Would you return the listing exactly as written, apart from its pictures?

● **Supplied material**:

Segment Open

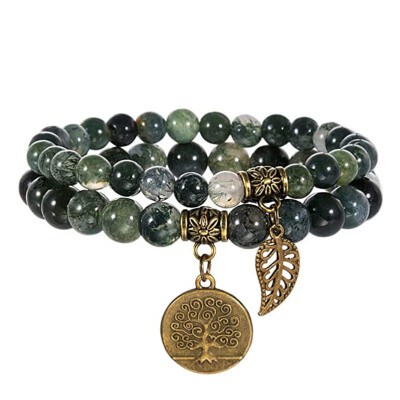 Bracelets Set Men Women Tree of Life Leaf Pendant Tiger Eye 6/8Mm Stone Beaded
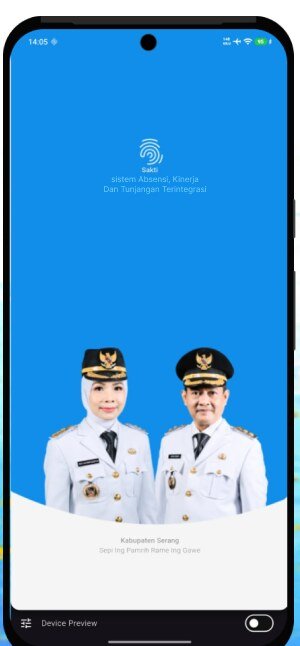 Tampilan pembuka aplikasi SAKTI Kabupaten Serang — Sistem Absensi, Kinerja dan Tunjangan Terintegrasi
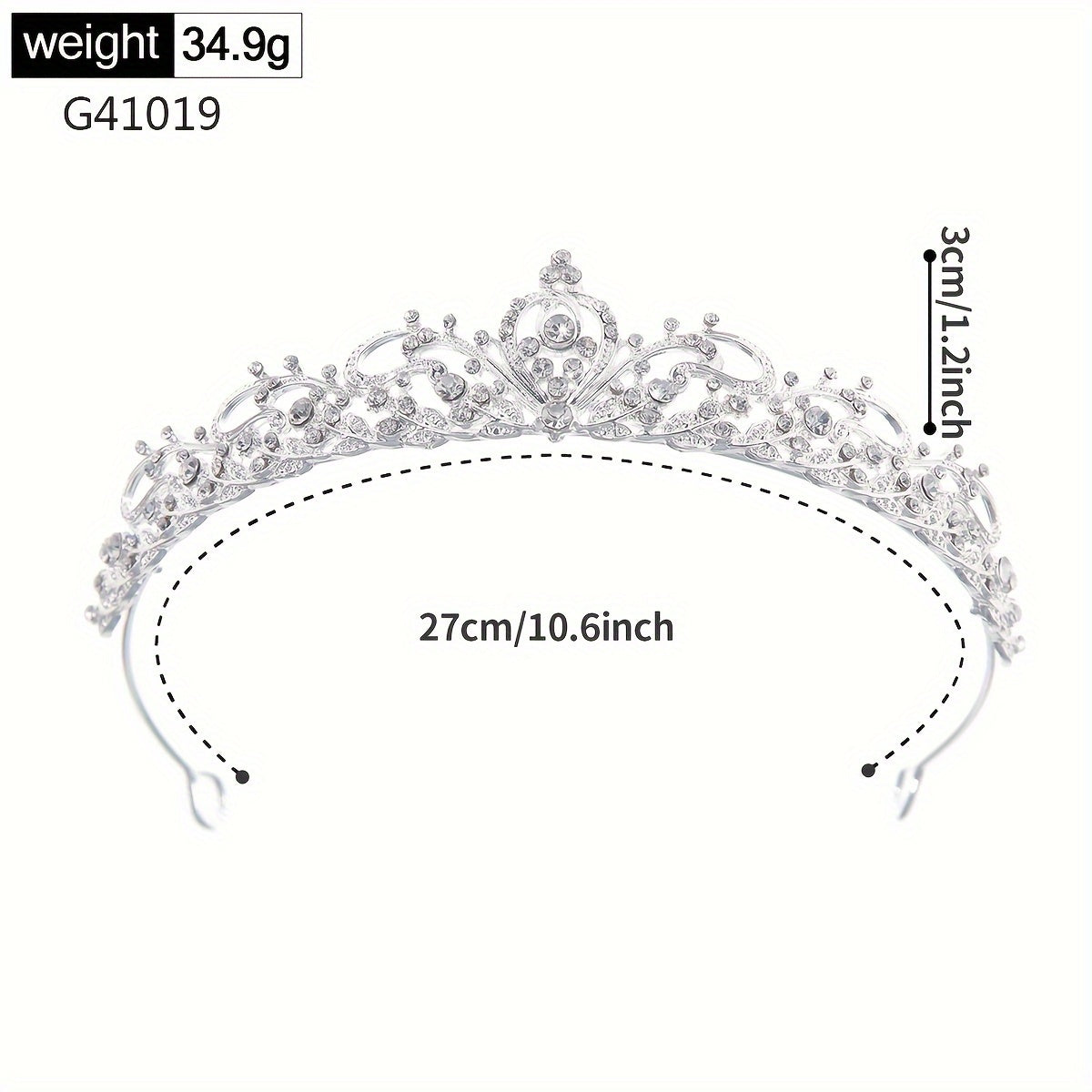 Diadema Golden Crown con diamantes para fiestas, bodas y cumpleaños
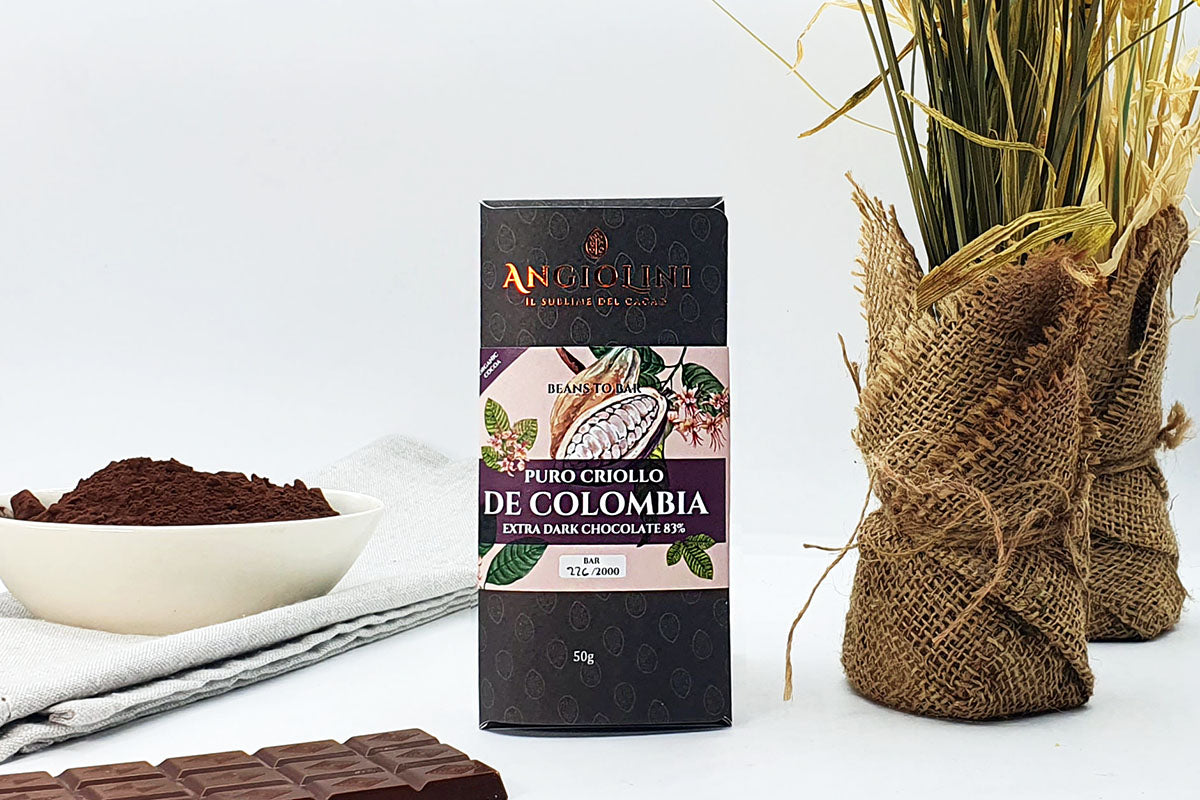 Tavoletta di cioccolato criollo puro dalla Colombia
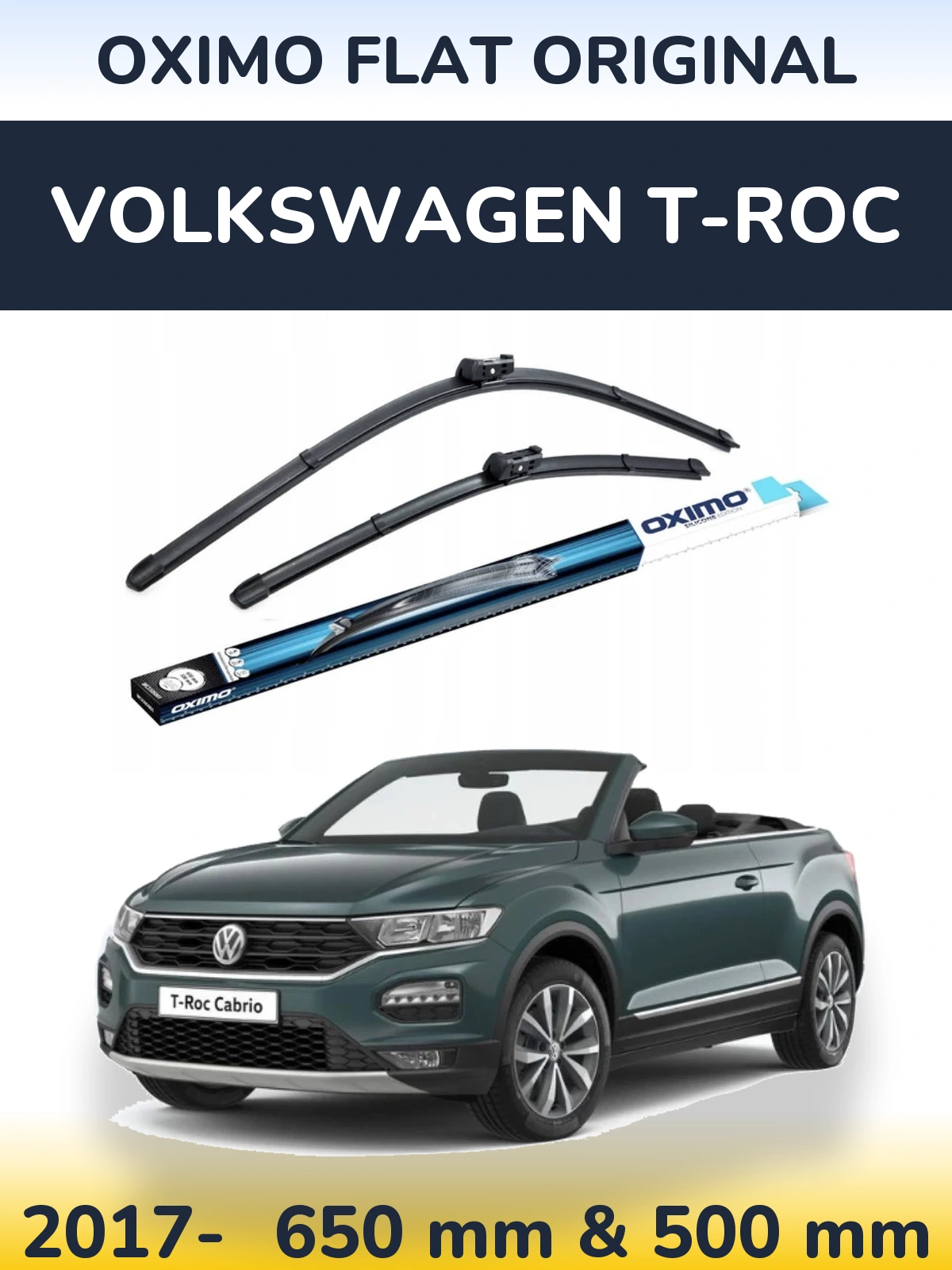 Komplet przednich wycieraczek Oximo Flat Original 650 & 500 mm do Volkswagen T-Roc 2017-2026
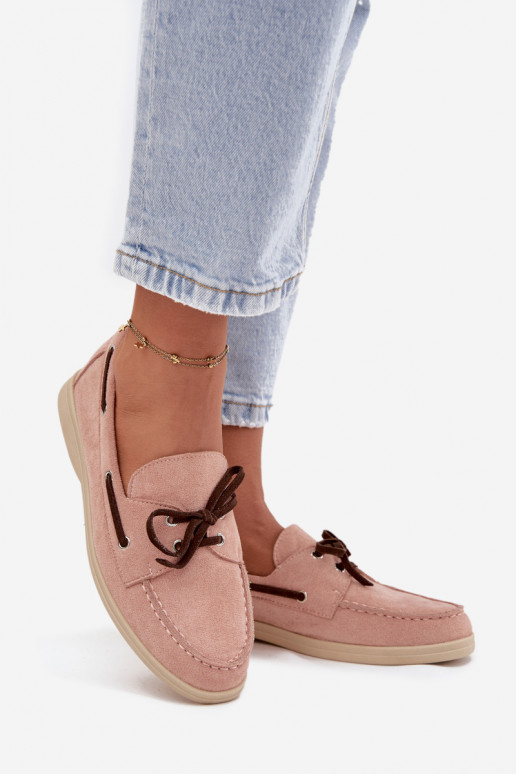 Women's Loafers With Laces Light Pink Calivra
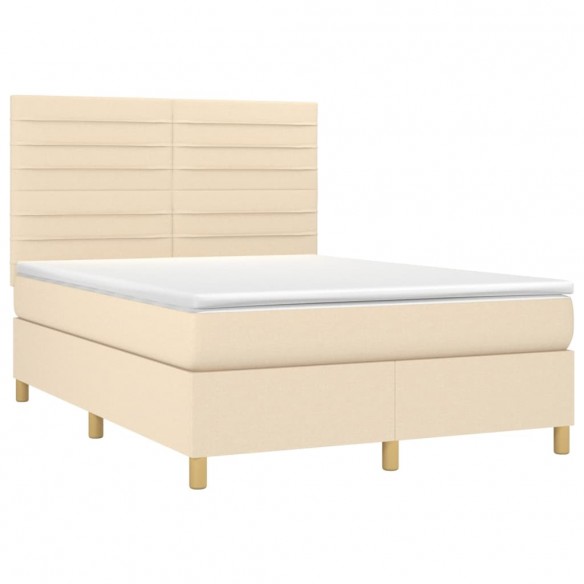 Cadre de lit et matelas et LED Crème 140x200cm Tissu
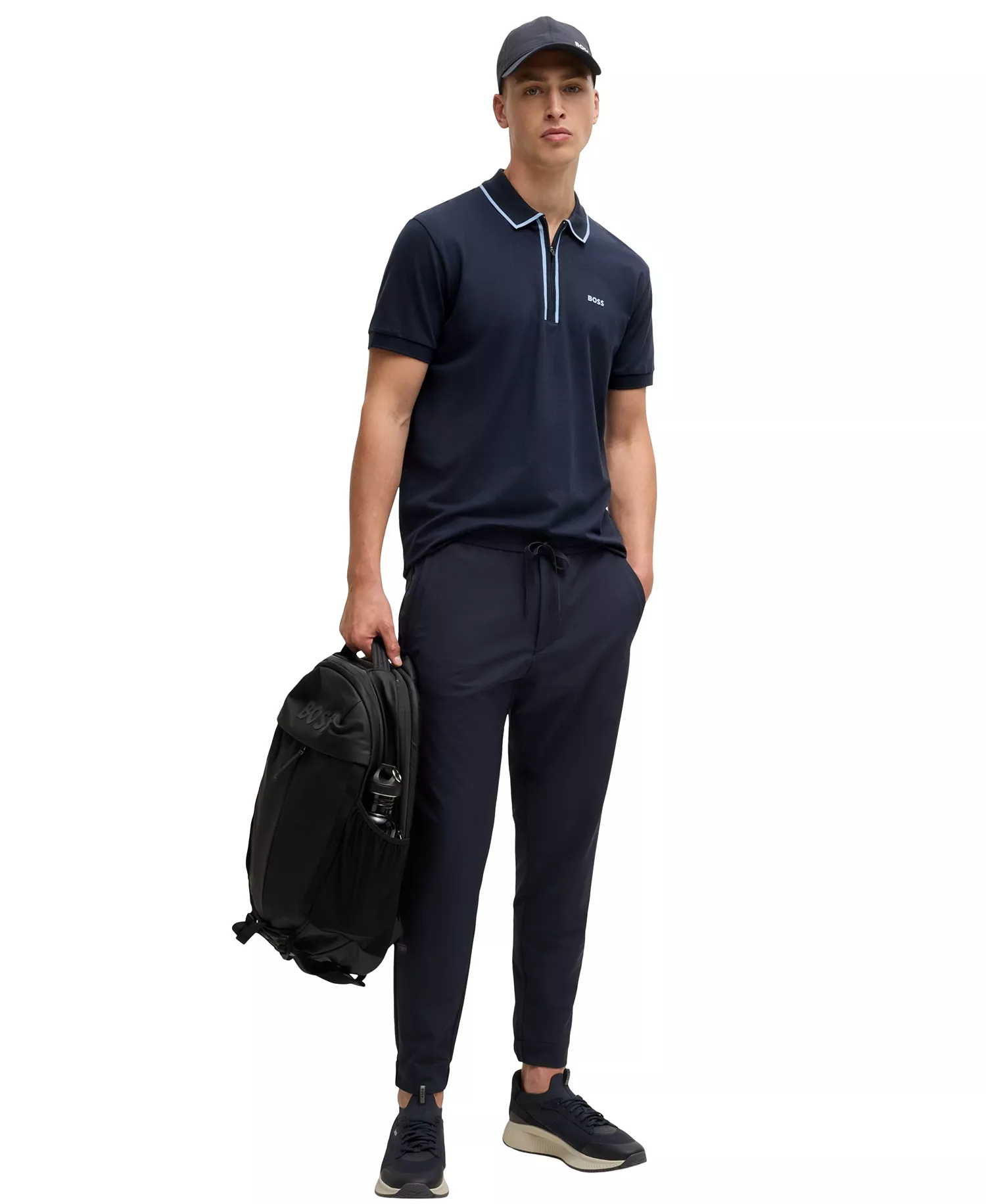 Men's Contrasting Stripes Polo - Dark Blue - S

Segment Closed

● **Written answer**:
 Bracelets Set Men Women Tree of Life Leaf Pendant Tiger Eye 6/8Mm Stone Beaded
 Tampilan pembuka aplikasi SAKTI Kabupaten Serang — Sistem Absensi, Kinerja dan Tunjangan Terintegrasi
 Diadema Golden Crown con diamantes para fiestas, bodas y cumpleaños
 Tavoletta di cioccolato criollo puro dalla Colombia
 Komplet przednich wycieraczek Oximo Flat Original 650 & 500 mm do Volkswagen T-Roc 2017-2026
 Women's Loafers With Laces Light Pink Calivra
 Cadre de lit et matelas et LED Crème 140x200cm Tissu
 Men's Contrasting Stripes Polo - Dark Blue - S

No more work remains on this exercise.